12/04/2019 | L'association des Élus Locaux pour l'Aquitaine (RELPA) a présenté ce jeudi à l'occasion de son assemblée générale annuelle un nouveau site internet participatif.

RELPA

Si les regards sont en ce moment braqués sur les résultats (déjà sujets à caution) d'un grand débat qui a cristallisé bien des attentes, ce dernier apparaît de plus en plus comme le symptôme d'un besoin de dialogue. Y compris chez les élus locaux. Ce jeudi, le Rassemblement des Elus Locaux pour l'Aquitaine (rentré dans le giron de la grande région) a présenté un site internet dont l'objectif central sera de tenter de répondre à cette demande, faisant de cette petite association le nouvel instrument politique d'une opposition qui souhaite reprendre les armes. La sauce va-t-elle prendre ? En tout cas, l'initiative est symptomatique du contexte dans lequel elle survient...

Jouer avec le feu

C'est l'histoire (et elle est loin d'être unique) d'une petite association d'élus de la Nouvelle-Aquitaine qui décide de sortir un peu de sa torpeur pour des raisons justifiées, en partie, par un contexte politique que l'on qualifiera poliment de "fluctuant". En avril 2018, le Rassemblement des Elus Locaux pour l’Aquitaine reprend ses activités, après trois ans d'inactivité. Les municipales et la refondation des régions sont passées par là, de même que, plus récemment, les gilets jaunes et les "approximations" désormais apparentes des restitutions du grand débat national.
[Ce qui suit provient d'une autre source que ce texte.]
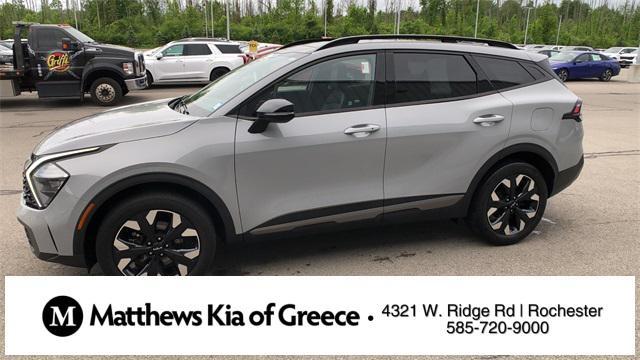 used 2023 Kia Sportage car, priced at $27,333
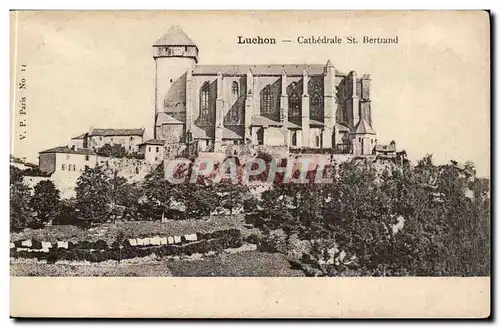 Luchon Cartes postales Cathedrale St Bertrand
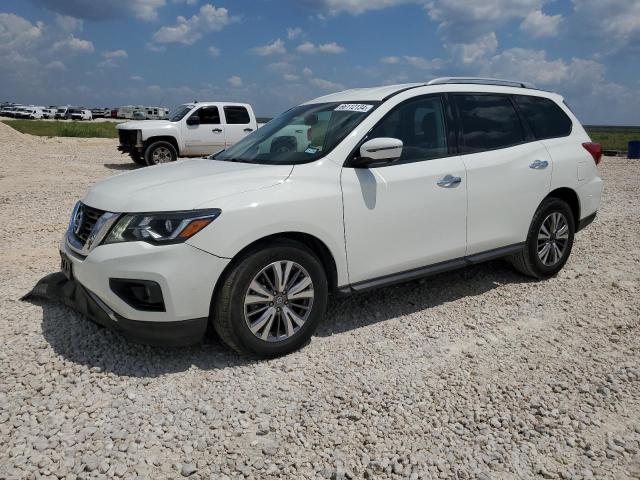 NISSAN PATHFINDER 2019 with VIN 5N1DR2MN9KC605477 - Photo from auction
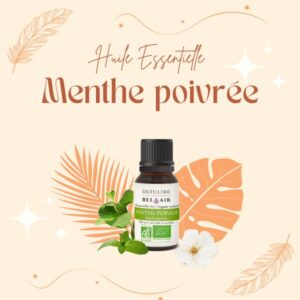 huile essentielle menthe poivree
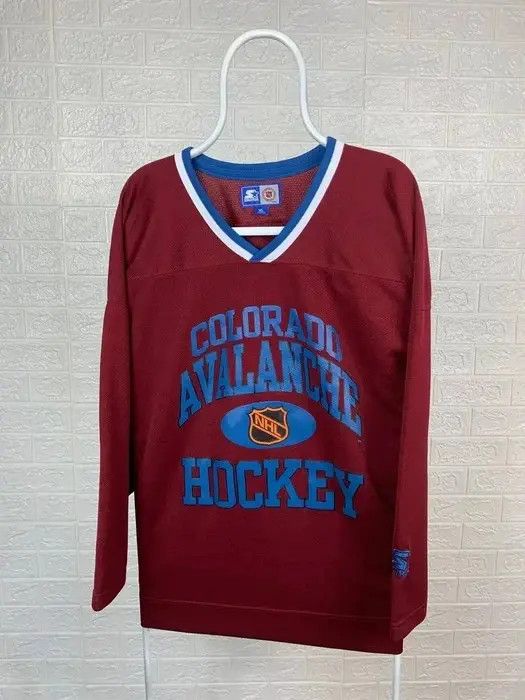 NFL Starter NHL jersey size XL color burgundy hoockey jersey Size US XL / EU 56 / 4 - 1 Thumbnail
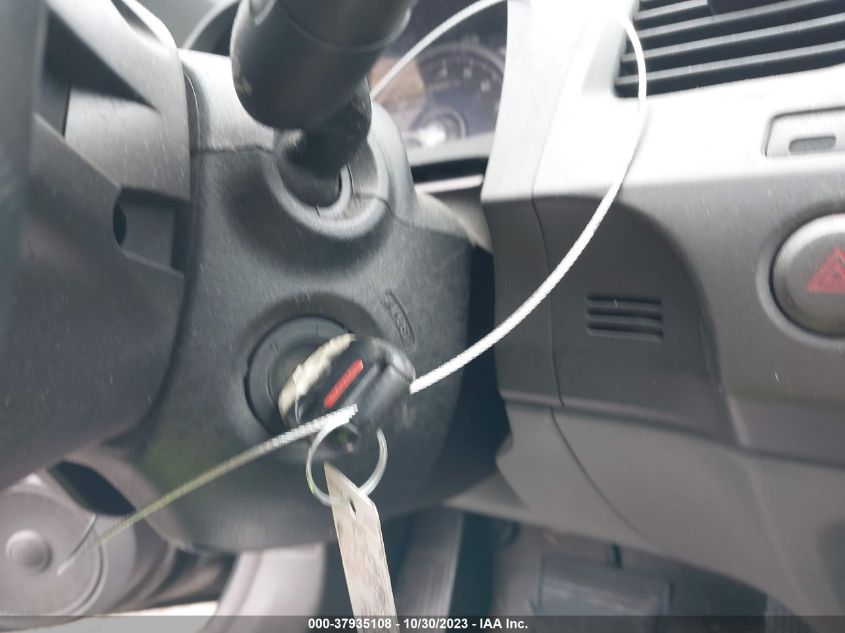 2008 Honda Civic Cpe Lx VIN: 2HGFG12638H522305 Lot: 37935108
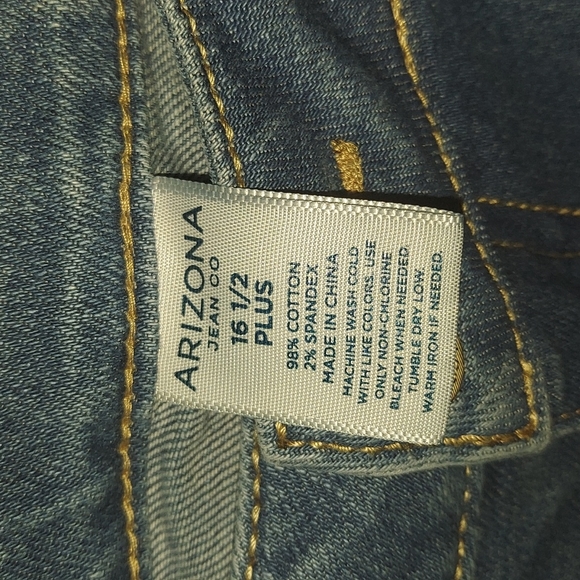 Color block jeans - Picture 3 of 3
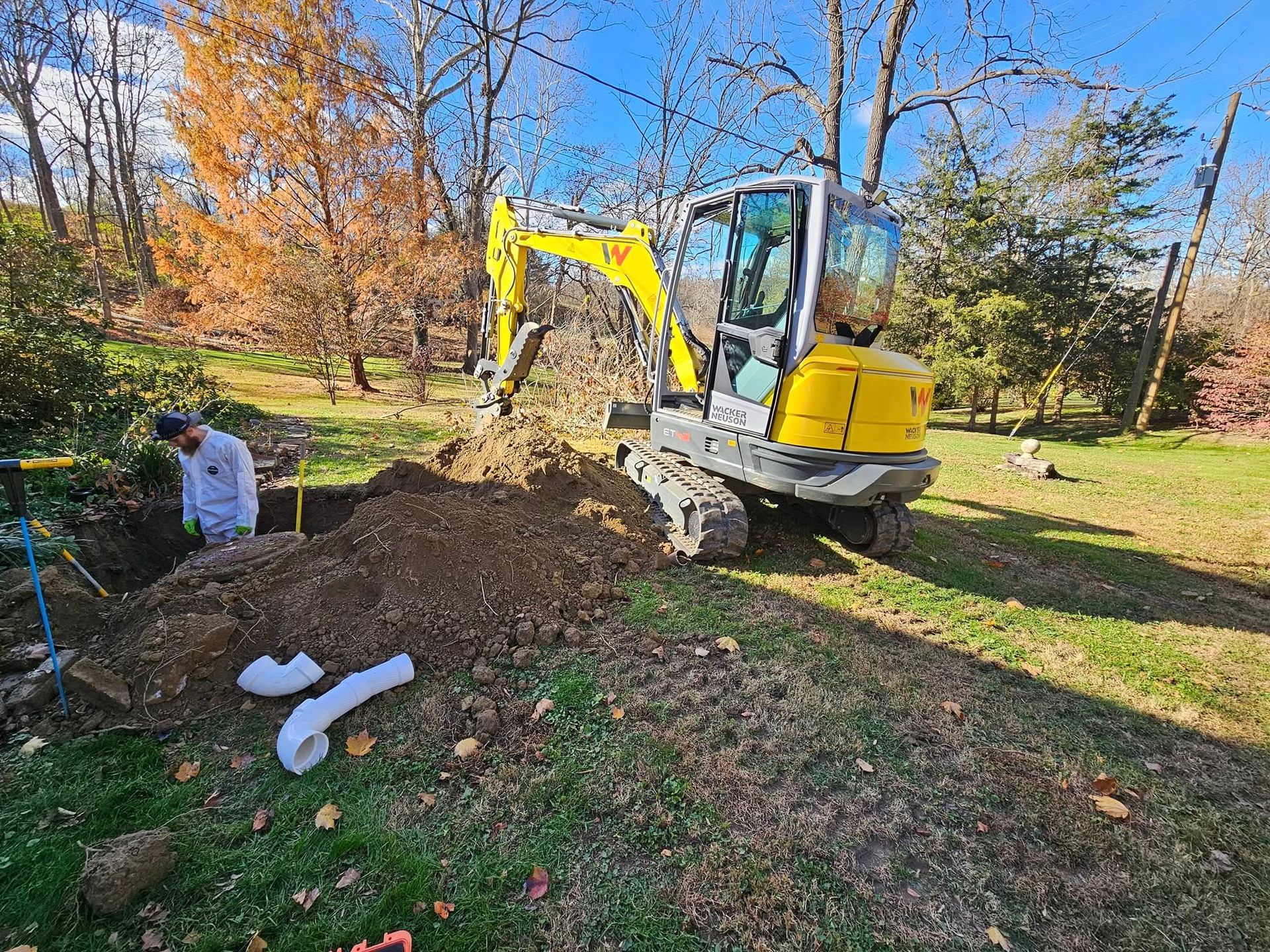 septic system installation
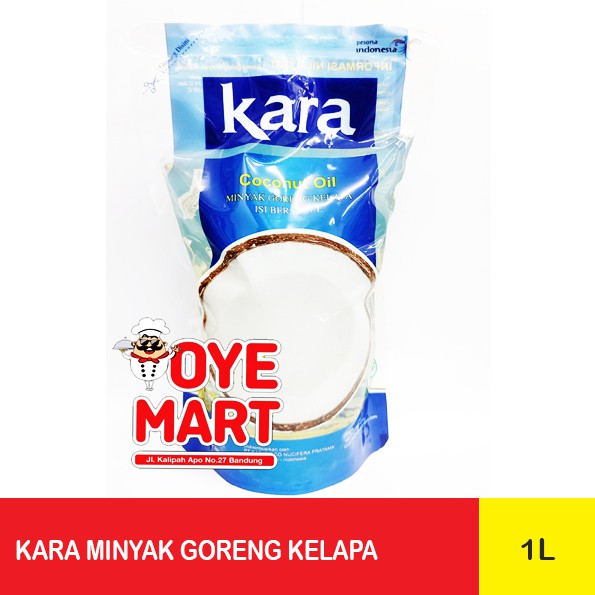 KARA MINYAK GORENG KELAPA 1L / COCONUT OIL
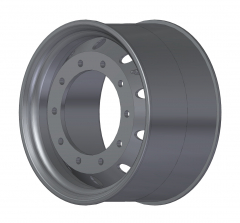 22.5 x 11.75 ET 120 - Stahl - 10 Loch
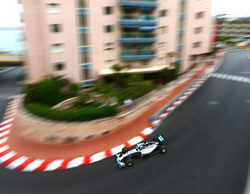 Lewis Hamilton y Mercedes mantienen su dominio en los primeros libres del GP de Mónaco 2014
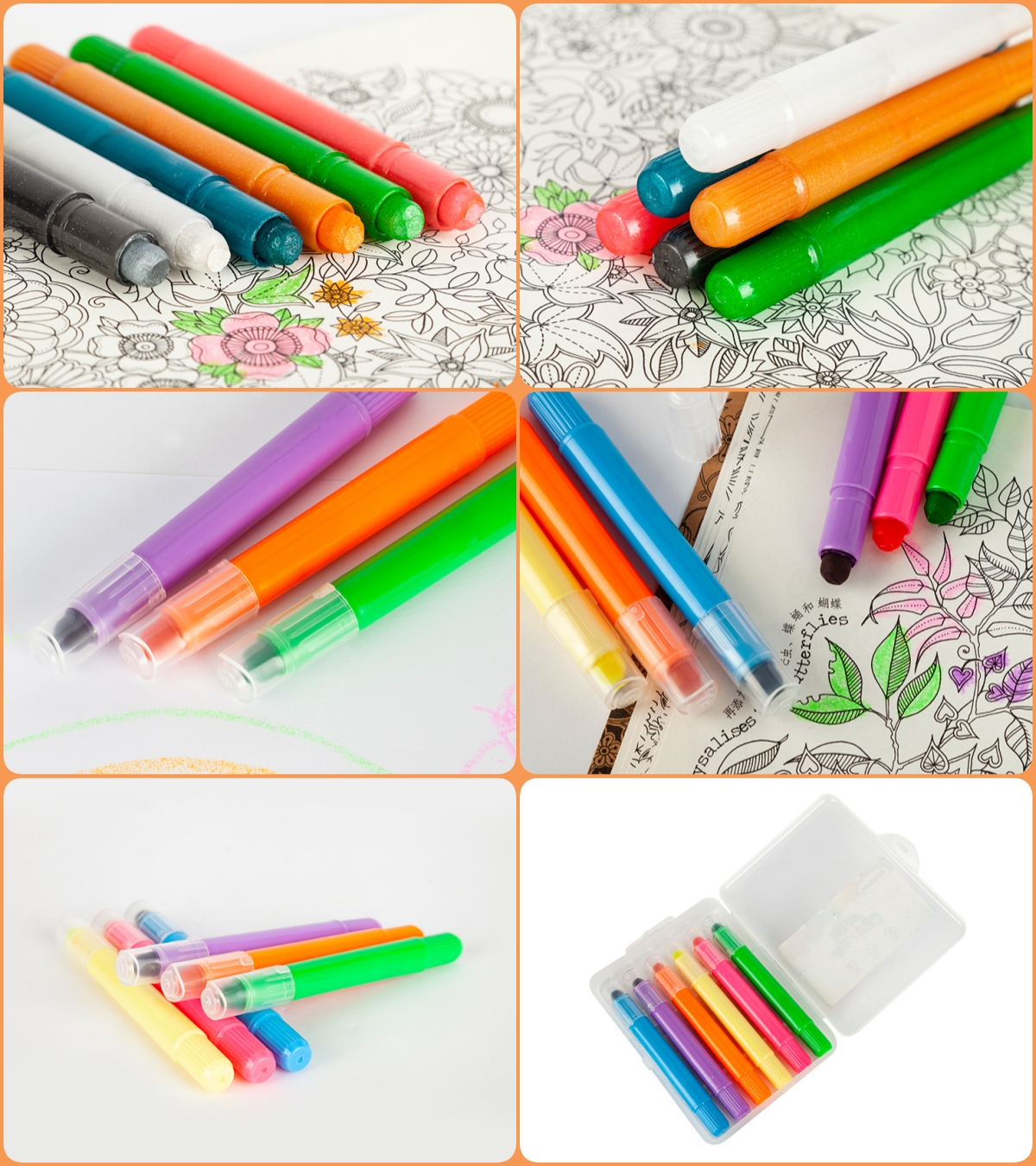 Twistable crayon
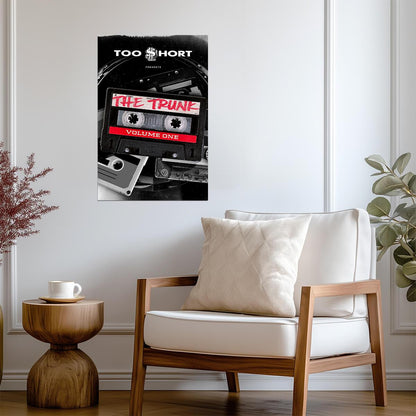 Too Short The Trunk, Vol. 1 | Album Cover Poster | Hip Hop Wall Art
Le président du RELPA n'est, localement du moins, pas inconnu. Yves d'Amécourt, élu à la région et maire de la commune de Sauveterre-de-Guyenne, a également été président du groupe Gironde Avenir entre 2008 et 2015 et ancien candidat à la tête de la fédération LR régionale. Au moment de présenter cette association, qui revendique depuis sa reprise une petite cinquantaine d'adhérents, nous ne résistons pas à lui faire dire quelques mots de la période dans laquelle le RELPA a choisi d'annoncer, ce jeudi 11 avril, l'ouverture d'un nouveau site internet à l'allure plus participative qu'à l'ordinaire, au moment où de nombreuses mairies de la métropole bordelaise et d'ailleurs se sont emparées du mot avec des ambitions diverses.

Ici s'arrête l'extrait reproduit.